Single by Caetano Veloso

from the album Caetano Veloso
- B-side: "Remelexo"
- Released: 1967
- Genre: Bossa nova, Psychedelic rock, Tropicália
- Label: Phillips
- Songwriter: Caetano Veloso

Caetano Veloso singles chronology
| "Samba Em Paz" (1965) | "Alegria, Alegria" (1967) | "Tropicália" (1968) |

= Alegria, Alegria =

Song by Caetano Veloso

Alegria, Alegria (Joy, Joy or Happiness, Happiness) is a song written and performed by Caetano Veloso. Often referred to as "the Brazilian anthem of 1967", it later appeared on his influential eponymous 1968 album. At first booed at the 1967 Rede Record festival for its use of electric guitars, Caetano's interpretation and attitude eventually won the audience over. It placed fourth at the festival.

Caetano has called it his "best-known song", comparing it to the Rolling Stones' "(I Can't Get No) Satisfaction" in terms of its place in his oeuvre. He partially based the song's composition on the previous year's winner, Chico Buarque's much more conventional "A Banda", purposely incorporating controversial rock and roll instrumentation – provided by the Paulino band The Beat Boys – to provoke the crowd. Although "alegria" means "joy" or "happiness" in Portuguese, the theme of the song is freedom. Caetano took the title phrase from the popular TV personality Chacrinha, who had in turn borrowed it from singer Wilson Simonal.
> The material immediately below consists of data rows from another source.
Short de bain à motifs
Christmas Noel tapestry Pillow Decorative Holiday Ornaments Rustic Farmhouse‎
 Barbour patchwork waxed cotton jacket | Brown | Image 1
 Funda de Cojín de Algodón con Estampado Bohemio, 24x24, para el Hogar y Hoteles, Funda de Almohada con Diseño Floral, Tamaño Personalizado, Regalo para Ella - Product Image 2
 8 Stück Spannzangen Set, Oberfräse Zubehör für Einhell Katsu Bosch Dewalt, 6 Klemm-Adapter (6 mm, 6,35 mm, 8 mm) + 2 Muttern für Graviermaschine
The song is, alongside Daniela Mercury's "O Canto da Cidade", remembered by the population for the 1992 Fernando Collor de Mello impeachment. The miniseries Anos Rebeldes – the theme song for which was "Alegria, Alegria" – was a hit at the time, and Caetano's song was sung during public manifestations in favor of impeachment. Fittingly, Mercury later recorded the song for an album celebrating the thirty years of the Tropicália movement.

The song was voted by the Brazilian edition of Rolling Stone as the 10th greatest Brazilian song.